Having said that, what I really don’t like in this movement is that it is completely inconsistent. I’m referring specifically to their sheer silence when it comes to the right to life of refugees.
We are right now witnessing serious human tragedies a few miles away from our shores. People, many times fleeing death itself (something that those of us who’ve worked with refugees have no doubt about) drowning in the sea, or (in the recent past) being refused their right to seek asylum and sent back to the claws of murderers and torturers like Gaddafi.
Yet, from this pro-life movement, complete silence – even when the leader of the opposition voices words that can put in jeopardy the life of these human beings.
This movement’s symbol is 9+. Yet the impression they give is that while life starts from conception, it ends at birth.
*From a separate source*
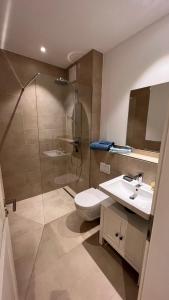 een badkamer met een douche, een toilet en een wastafel bij Villa Melanie in Überlingen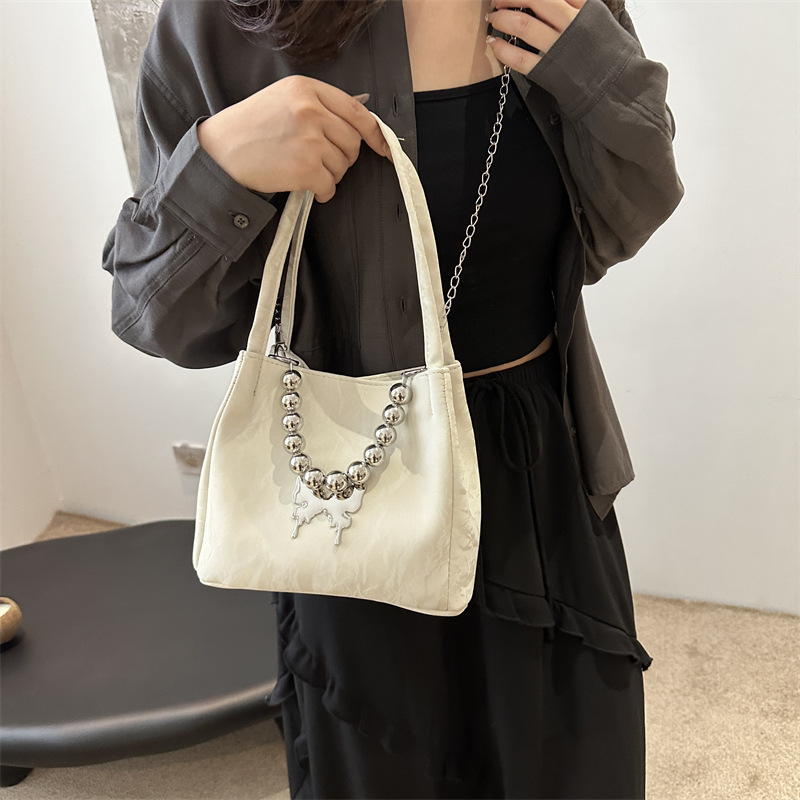 Alta sensación de lujo ligero bolso de cubo axilar 2024 verano nuevo estilo de moda arco de cuentas cadena de hombro mochila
Maybe it will only touch these people if they remember that the refugee they are ignoring had once been a foetus. And that now that the foetus is born, it is still a human being that deserves, amongst other things – to live.
P.S: I want to make it clear that I’m criticizing this pro-life (and most others as mentioned above) lobbying group not pro-lifers. I have met a lot of people who are strongly pro life when it comes to the unborn child who are equally concerned and vocal about the right to life of refugees.
While this group intersects many times with the Catholic church, I am also not attributing this inconsistency to the church. A lot of people in the church have voiced their concern on the life of refugees. Not only the Jesuits, Fr Mark Montebello, the Archbishop of Gozo and other public figures but also a large number of lesser known priests and other people within the hierarchy of the Catholic church.